### What needs to be done
Only the lines below from the one that contains "Q&A on wooden" through the one that contains "3 one-bedroom fully" should appear in your answer, exact and without pictures.

─── Dataset records ───

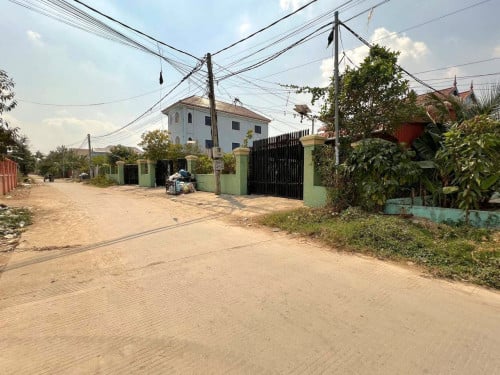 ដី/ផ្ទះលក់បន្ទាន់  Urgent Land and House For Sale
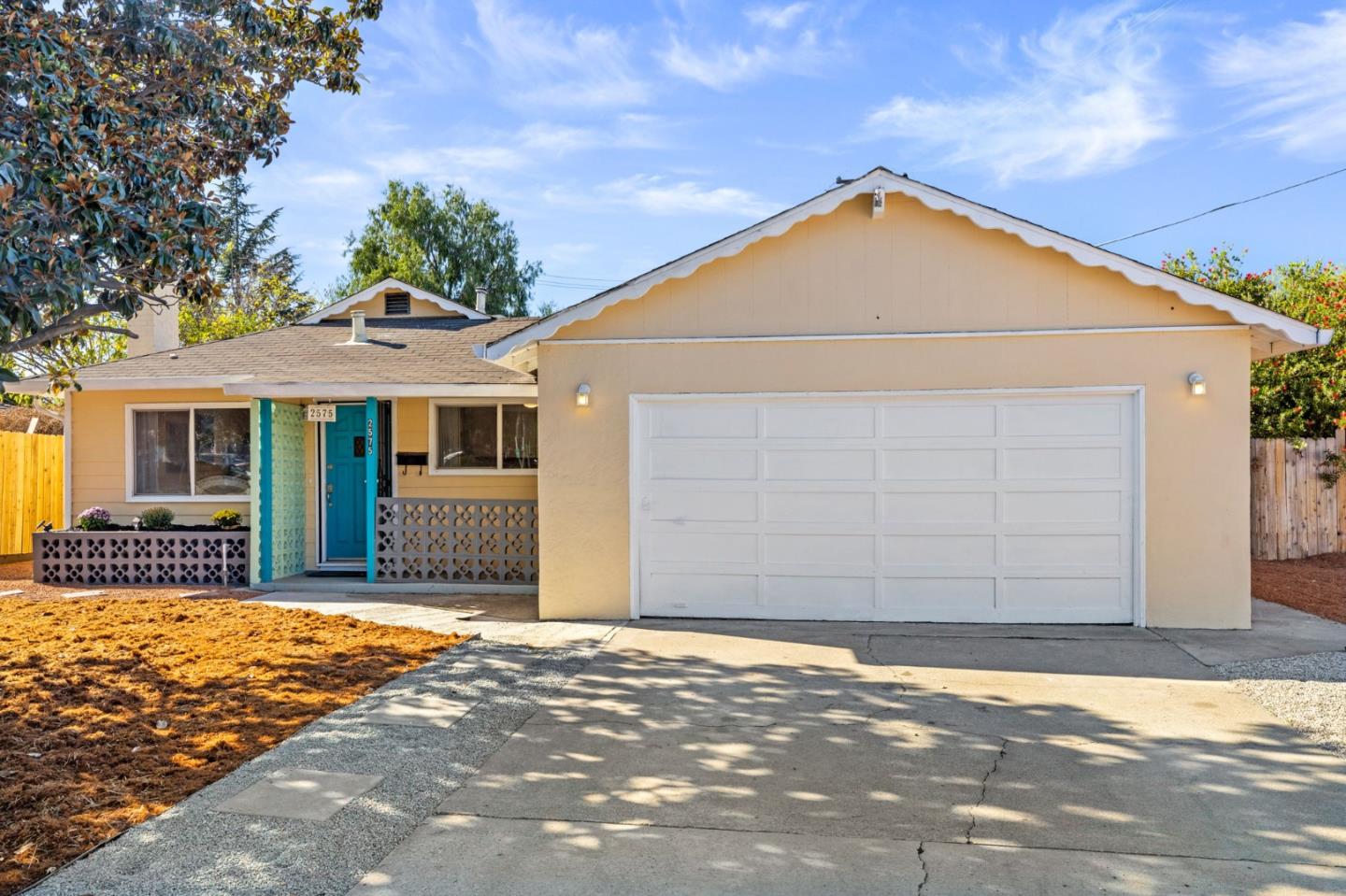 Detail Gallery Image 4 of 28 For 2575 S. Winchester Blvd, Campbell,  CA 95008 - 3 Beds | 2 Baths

───
─── Dataset records ───

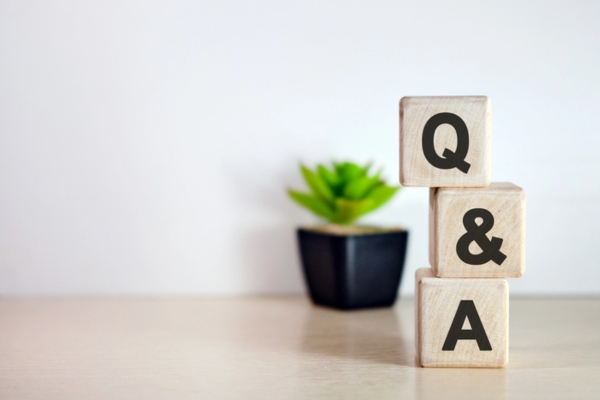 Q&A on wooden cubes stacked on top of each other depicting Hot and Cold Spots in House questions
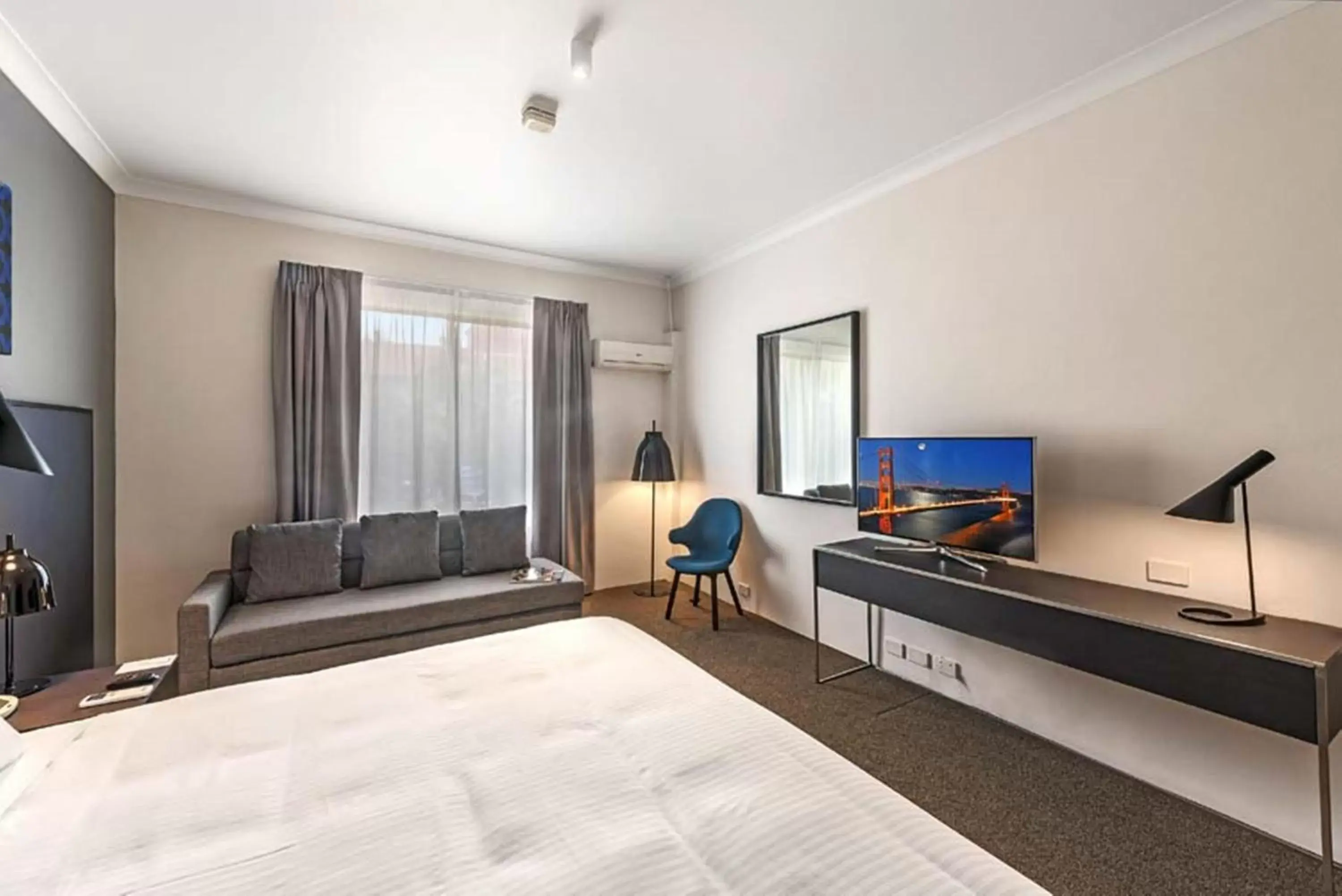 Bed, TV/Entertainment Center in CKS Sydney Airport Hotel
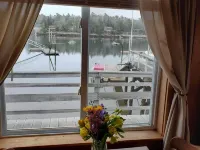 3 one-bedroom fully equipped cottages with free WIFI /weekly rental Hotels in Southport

───
─── Dataset records ───

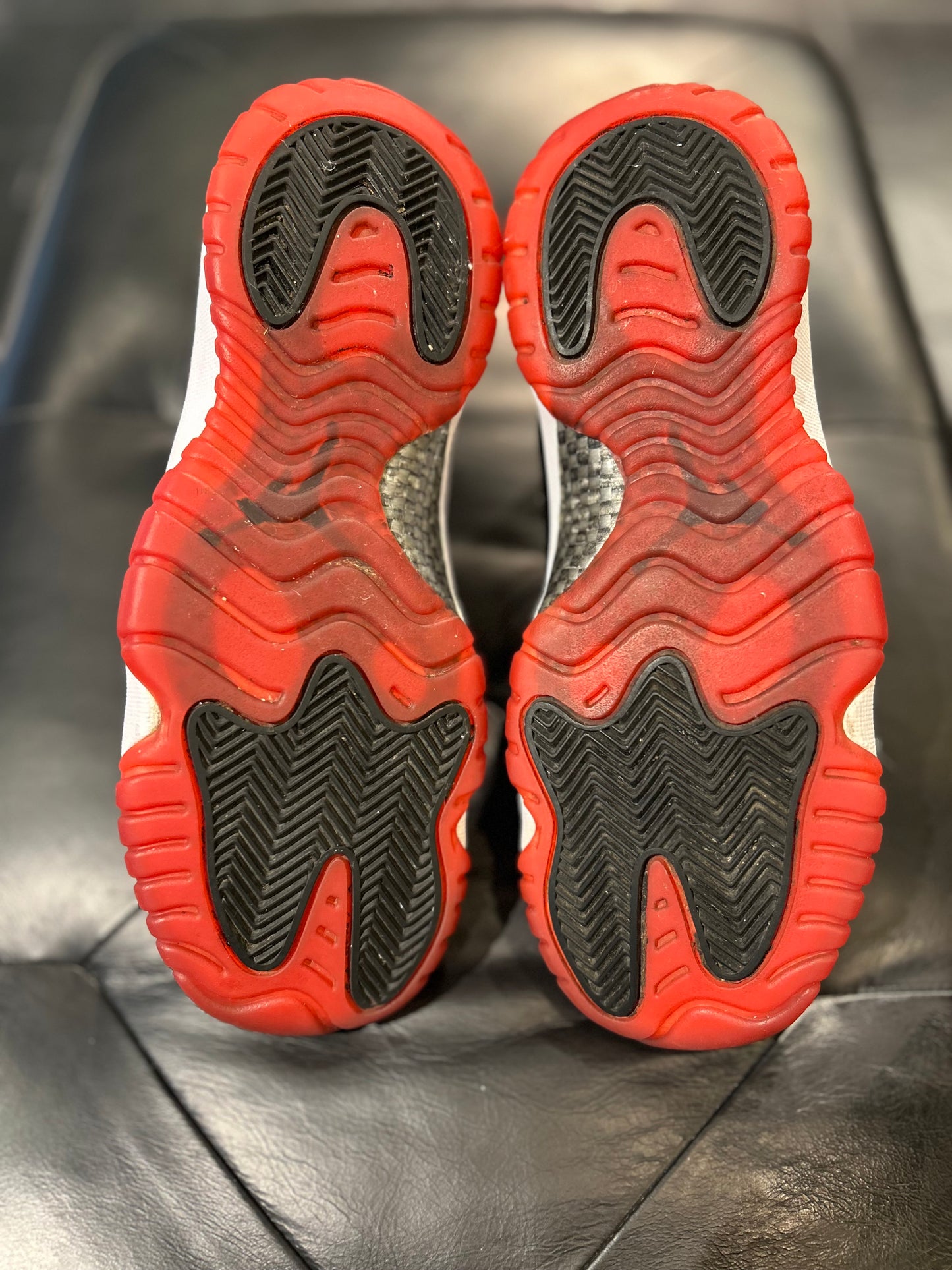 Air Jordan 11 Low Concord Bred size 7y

───

### Answer space
 Q&A on wooden cubes stacked on top of each other depicting Hot and Cold Spots in House questions
 Bed, TV/Entertainment Center in CKS Sydney Airport Hotel
 3 one-bedroom fully equipped cottages with free WIFI /weekly rental Hotels in Southport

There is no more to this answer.